Aside from the relentless champions Liverpool, none of the other regular top-four challengers have enjoyed anything like the first third of a season they would normally expect.
Arsenal are down in 15th having won one league game in their last 10 attempts, Tottenham have fallen away after showing early promise, Chelsea’s form has deserted them in recent weeks, while the normally prolific Manchester City are languishing down in seventh, as a result of their profligacy in front of goal.
What’s more, the manner in which United have climbed the table is also out of the ordinary. United have come from behind to win every single away game this season, a new top-flight record, and are only the third team in Premier League history to win their opening six away games of a season, following Chelsea in 2008-09 and Manchester City in 2017-18.
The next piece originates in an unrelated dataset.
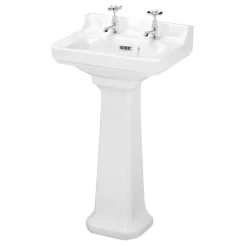 Butler & Rose Catherine 500mm Full Pedestal & Basin - 2 Tap Hole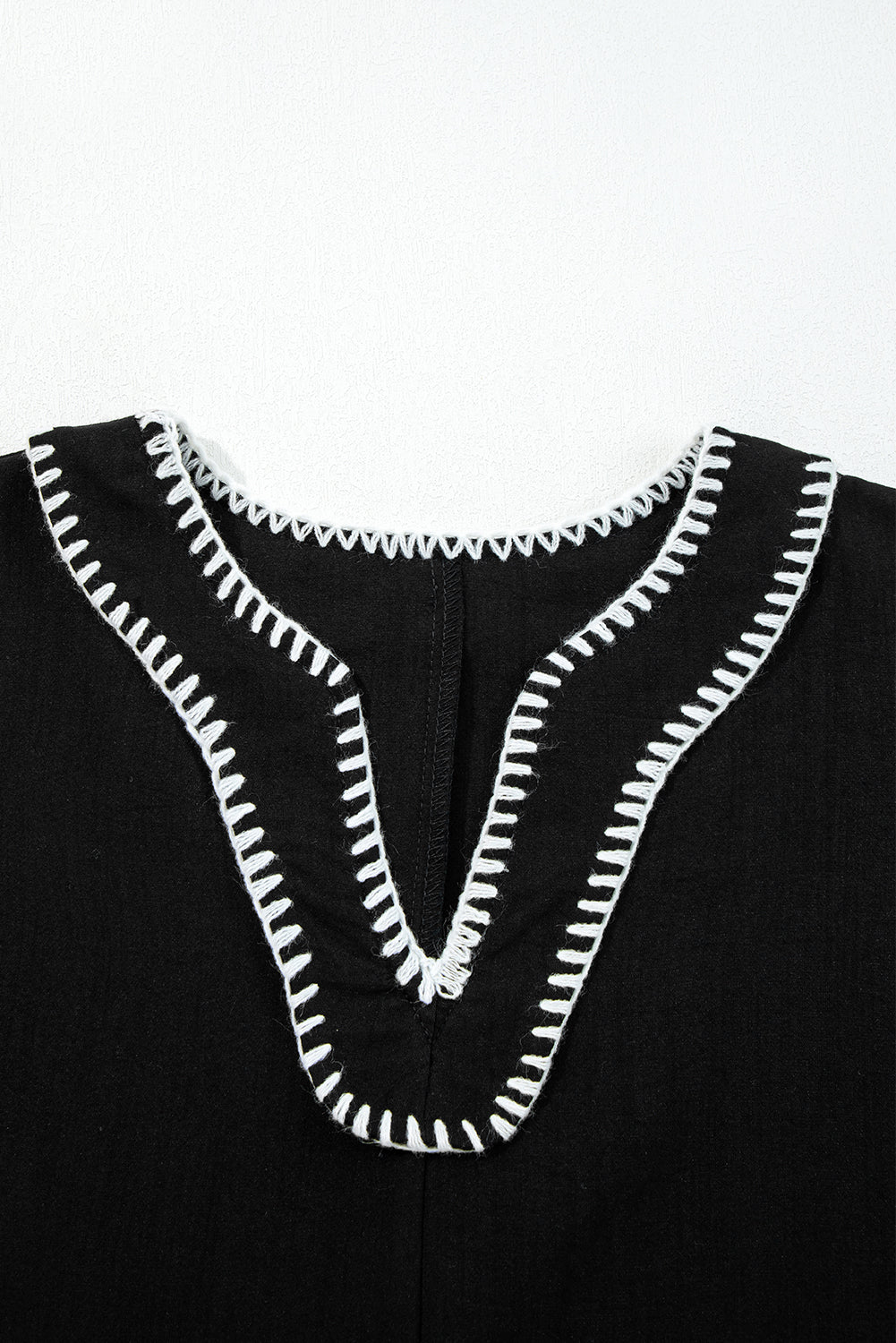 Black Contrast Stitched Tiered Mini Dress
Marcus Rashford (mitte) trifft doppelt für Manchester United

Image credit: Getty Images

That comes in contrast with their home form. Before Sunday’s annihilation of Leeds, they had scored just one goal from open play in six Premier League home games, and picked up just one league win at Old Trafford.
But Solskjaer can only beat what is him front of him, and ticks two major boxes.
The manner of the comeback victories have been thrilling in the extreme, with United playing some exhilarating football, with goals in plentiful supply.
Against Leeds, United flew out of the traps, scoring their fastest Premier League goal in over eight years, but did not take their foot off the accelerator. Yes, at the back they looked vulnerable, and needed David de Gea to bail them out on several occasions, but the attack-minded display, going toe-to-toe with Leeds’ high press, was another fun spectacle, and isn’t that what football is about?
In a further dent in the naysayers’ quest to see Solskjaer replaced by Mauricio Pochettino, on paper, Solskjaer is producing the results.
United made significant progress towards the end of last season to storm back up the table and snatch a third-placed finish on the final day, guiding United back into the Champions League.
And now, after making a stuttering start to the current campaign, United have won six of their last seven in the league to emerge as a surprise challenger in the title race.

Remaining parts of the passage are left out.